● **What is required**:
Copy word for word the line containing "Balsa Wood Sticks, Balsa" together with all lines following it to the end of the listing below, without the pictures.

BEGIN Material provided

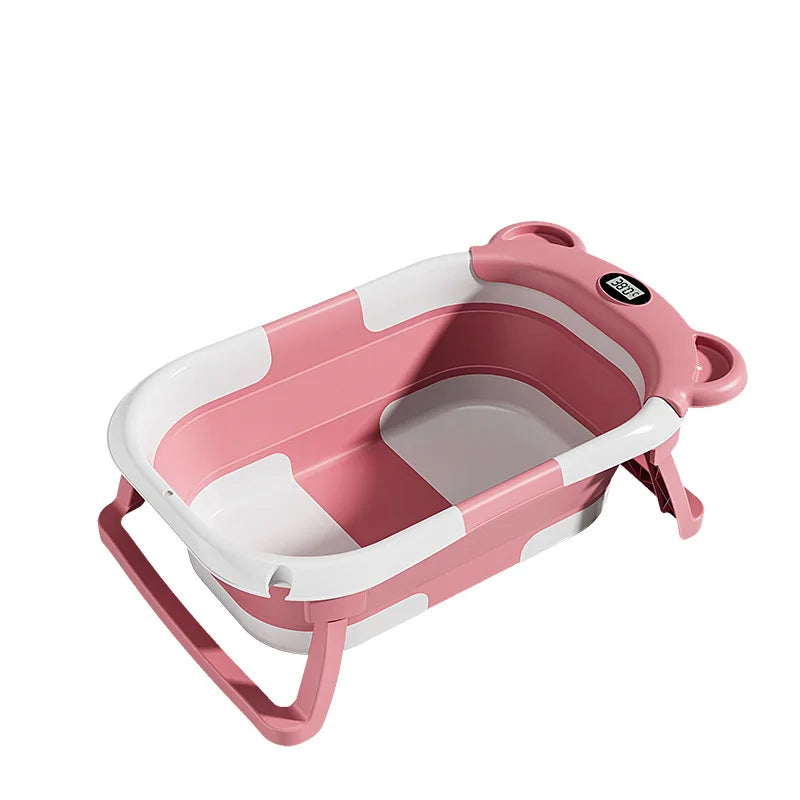 Temperature Sensing Baby Bath Tub Folding Portable Newborn Bathtub Baby Care Infant Bath Products Baby Shower Item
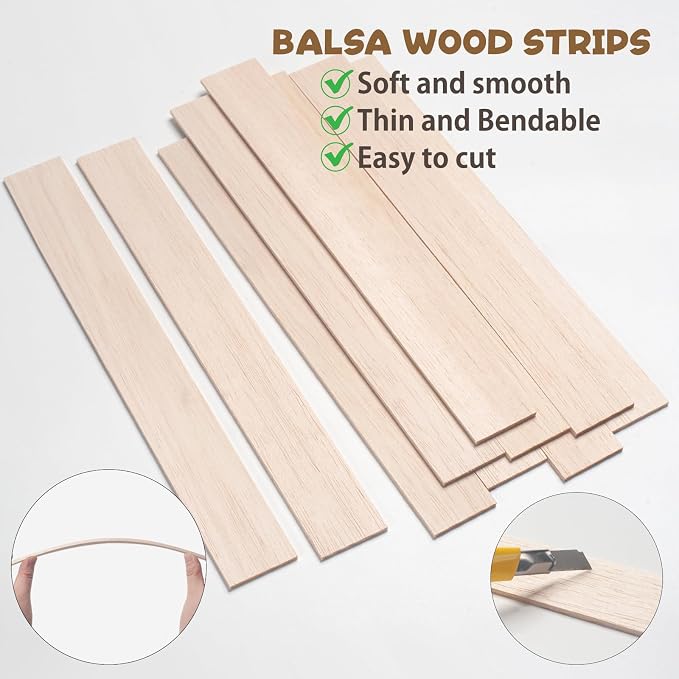 Balsa Wood Sticks, Balsa Wood Strips Slats 1/8" × 1.5" × 12", Wooden Sticks
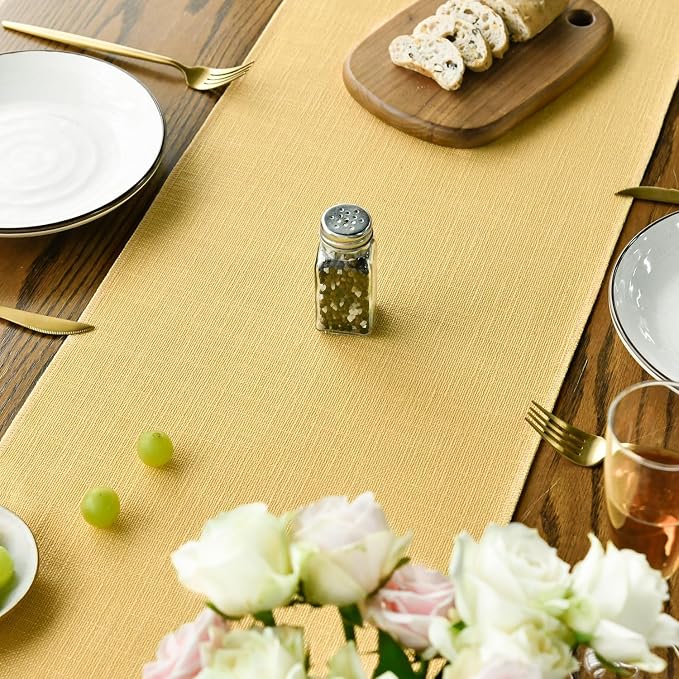 Artoid Mode Yellow Tassel Table Runner, Summer Linen Blend Rustic Farmhouse Style Kitchen Table Decoration Holiday Wedding Party Dinning Decor 13x90 Inch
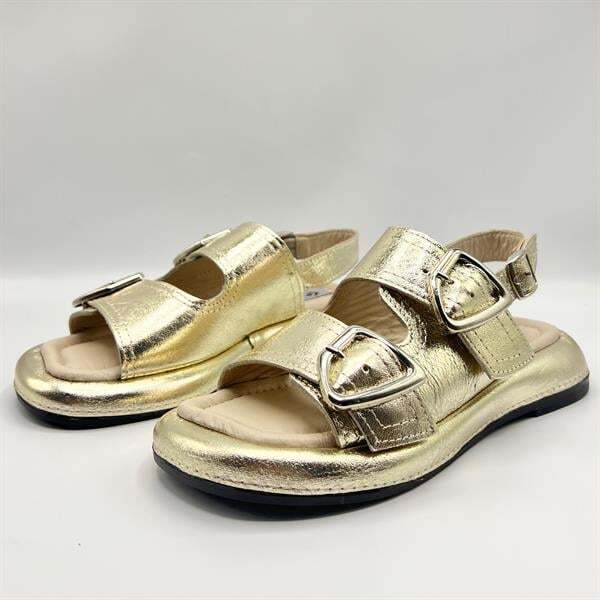 Ametist Exclusive Siesta Gold Hakiki Deri Kadın Sandalet - 4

END Material provided

● **Completed exercise**:
 Balsa Wood Sticks, Balsa Wood Strips Slats 1/8" × 1.5" × 12", Wooden Sticks
 Artoid Mode Yellow Tassel Table Runner, Summer Linen Blend Rustic Farmhouse Style Kitchen Table Decoration Holiday Wedding Party Dinning Decor 13x90 Inch
 Ametist Exclusive Siesta Gold Hakiki Deri Kadın Sandalet - 4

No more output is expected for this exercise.